Rincón de Petul
La luna y un testimonio, paz en tierra de DeSantis
“Si nosotros no recogemos la verdura, se echa a perder. Entonces ¿qué van a comer?”.
En las calles de Naples vi en la noche una luz opaca como bella, redonda una bola de color de fuego que no era el sol, el brillo más tenue posible, una luna de sangre, inmensa al punto de no creer. Se nos insinuó como una guía; un faro para la expedición que en la noche buscaba ya un descanso, el hotel, antes de ir mañana a las calles, a las calles de Naples, en misión de exploración. Chapines buscando a chapines. Acercando brechas, estrechando mundos. Guatemaltecos, de allá, llegando a guatemaltecos de aquí. Aquí y allá, ahora y desde mucho; ¿ahora y hasta siempre? Es lo que persiste, es lo que subsiste. Esto no cesa, aquí nada calma. La vida del nuevo, del advenido, es viva de una forma que no muestra titubeo. Viven sin permiso. Van con discreción, pero, fijos, no ofrecen ni una excusa. Vistos con objetividad, son ejemplo para muchas cosas constructivas, positivas. Con ellos regresamos mañana, en este aquí, que un día, hace no tanto, se empeñó en hacerse un lugar de incertidumbre.
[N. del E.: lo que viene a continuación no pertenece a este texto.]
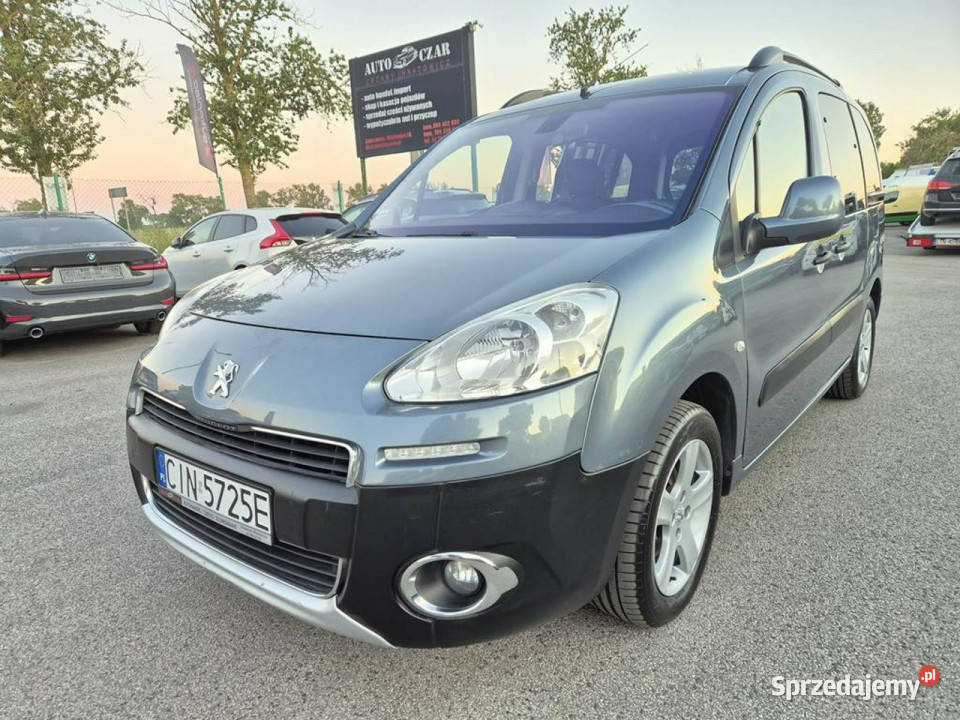 Peugeot Partner II 16HDI 92 Tepee II 2008 Gniewkowo sprzedam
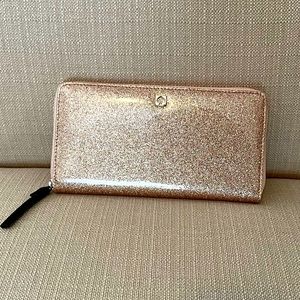 Kate Spade Mavis Street Neda Glitter Wallet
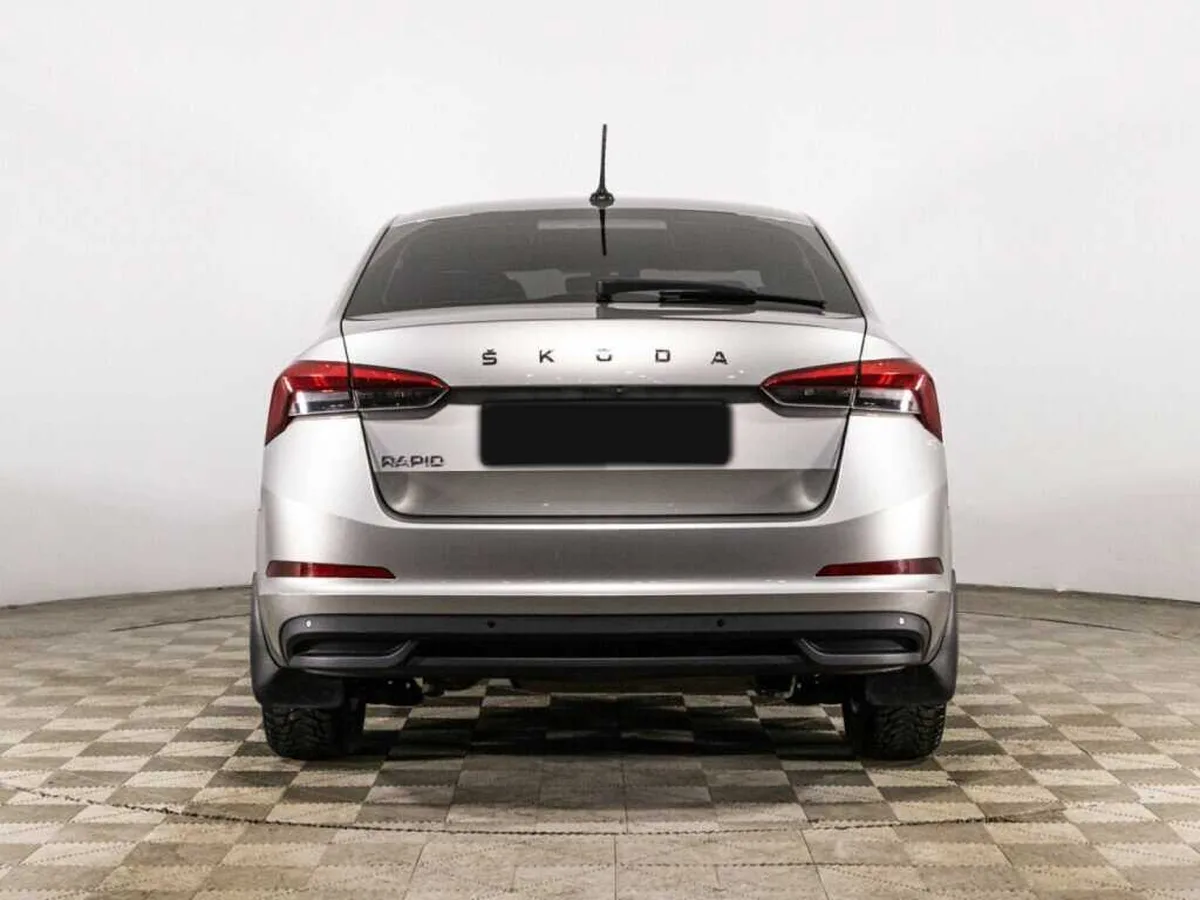 Skoda Rapid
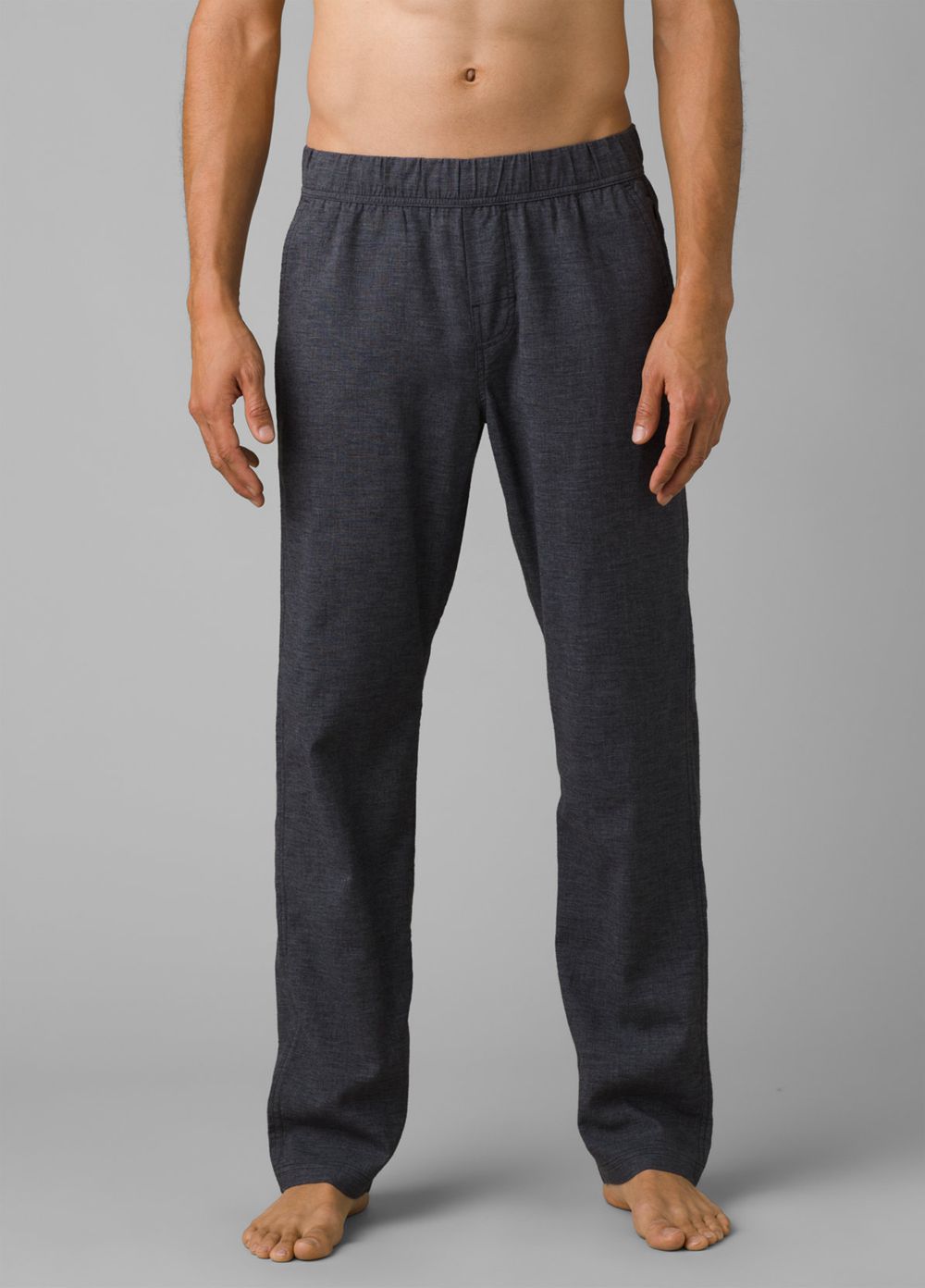 Black Men\'s PrAna Vaha E-Waist Pants | 42587-VQGJ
“Si nosotros no recogemos la verdura, se echa a perder. Entonces ¿qué van a comer?”.
Este es el lugar donde hace poco más de un año, en julio de 2023, un gobernador firmó la que era, hasta entonces, vista como la ley contra-migrantes más temida en Estados Unidos. Puso impedimentos para quien da trabajo a personas sin residencia legal, penalizando además su transporte, y haciendo que todo sistema los denuncie, incluyendo -por ejemplo- los necesarios servicios de salud. Según el Centro de Investigaciones Pew, antes de que entrara en vigencia esa ley, 1.2 millones de personas indocumentadas vivían en el estado. Ahora, sin que haya datos precisos, medios reportan que una cantidad importante salió de Florida hacia otros estados. El gobernador buscaba usar su ley draconiana como trampolín para suceder a Trump ante el público estadounidense. Su aspiración fracasó, cuando en enero retiró su candidatura.
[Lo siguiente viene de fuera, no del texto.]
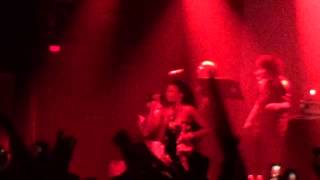 Azealia Banks &#39; Heavy Metal and Reflective &#39; Live NYC Irving Plaza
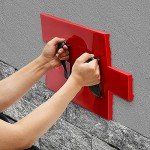 Decorative Concrete Texture Mat Stamp for DIY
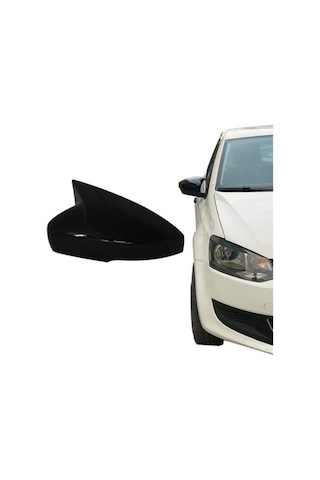 Volkswagen Polo 2019 Uyumlu Piano Black Ithal Batman Yarasa Ayna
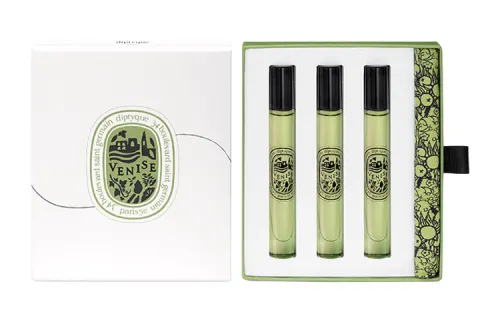 Diptyque, perfume sample, set, 3 piece set, 7.5 ml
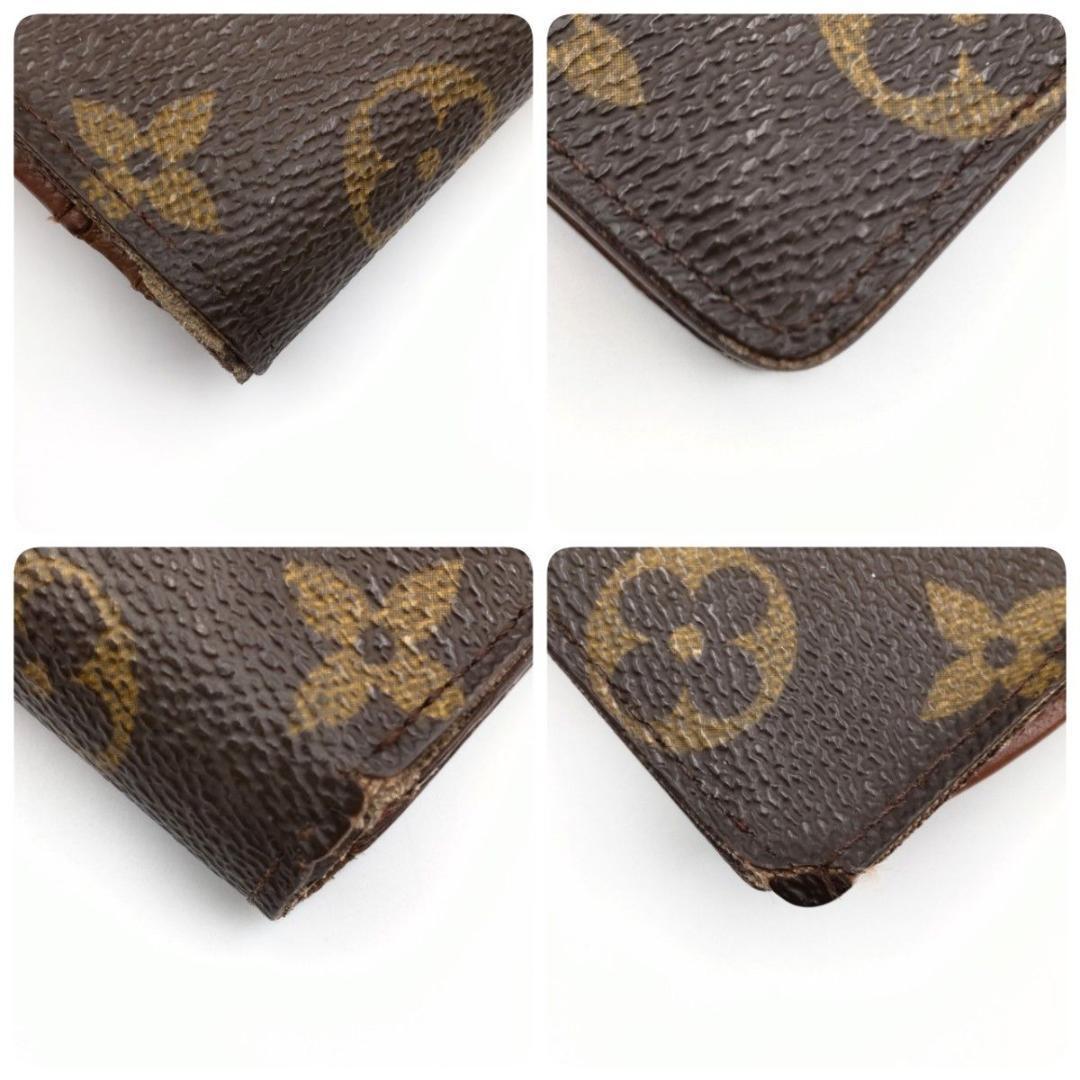 Louis Vuitton ルイヴィトン ヴィエノワ モノグラム がま口 財布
Grande este país y años pasaron desde la última vez que vine al “Estado Soleado”. Ni una después de la vigencia de la ley anti-migrantes. Preocupaba, entonces, qué habría sido de las comunidades que hacen que este sea el tercer estado con más guatemaltecos estimados por nuestro ministerio del exterior. ¿Qué fue de la comunidad en Immokalee?, me preguntaba. ¿Y los de Homestead, Indiantown y Lake Worth?, entre tantos otros. Preparándome en los días antes, un par de conocidos coincidieron con artículos que encontré en línea: “entre uno y dos de cada diez se fueron más al norte, a donde no los molestan”. Parecido cálculo nos compartió la mesera en el restaurante. “Los dos compañeros que eran guatemaltecos, se fueron”. Pero otros, sin embargo, aseguran que después del susto, muchos están de nuevo regresando.
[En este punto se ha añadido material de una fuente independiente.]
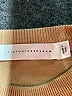 Victoria Beckham 100% Wool Graphic Brown Wool Pullover Sweater Size 0 (1) - photo 7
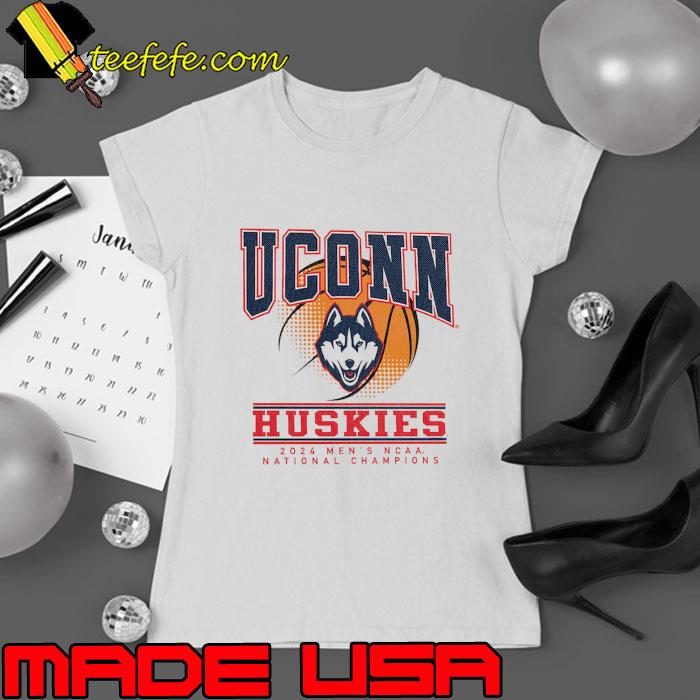 Uconn Men's Basketball 2024 National Champions Gameday T-Shirt Uconn Men's Basketball 2024 National Champions Gameday T-Shirt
Recorremos las calles de Florida, en las comunidades de guatemaltecos que han hecho su hogar aquí. La pregunta de si leyes anti-migrantes -en efecto- los logran sacar se responde sola, en los barrios de siempre. Sí, publicaron la ley y muchos se tuvieron que marchar. Pero luego regresan, y llegan más, porque son los que hacen los trabajos que hacen. Al atardecer, vemos una camioneta blanca estacionarse, de donde salen quince paisanos, todos en fila, entrando a la tienda hispana. Vienen del campo. La camioneta, con dos banderas de Guatemala gigantes pegadas a la carrocería, grita que no hay miedo de mostrarse. “Si nos sacan”, me dice uno, “se tienen que ir ellos también. Somos los que les pizcamos la comida”. “Si nosotros no recogemos la verdura, se echa a perder. Entonces ¿qué van a comer?” El día termina y el gigante lunar, de nuevo, se asoma. Su luz nos lleva a un nuevo descanso. La sabiduría del paisano me da la paz que necesitaba. La vida continúa y ningún politiquero la puede detener.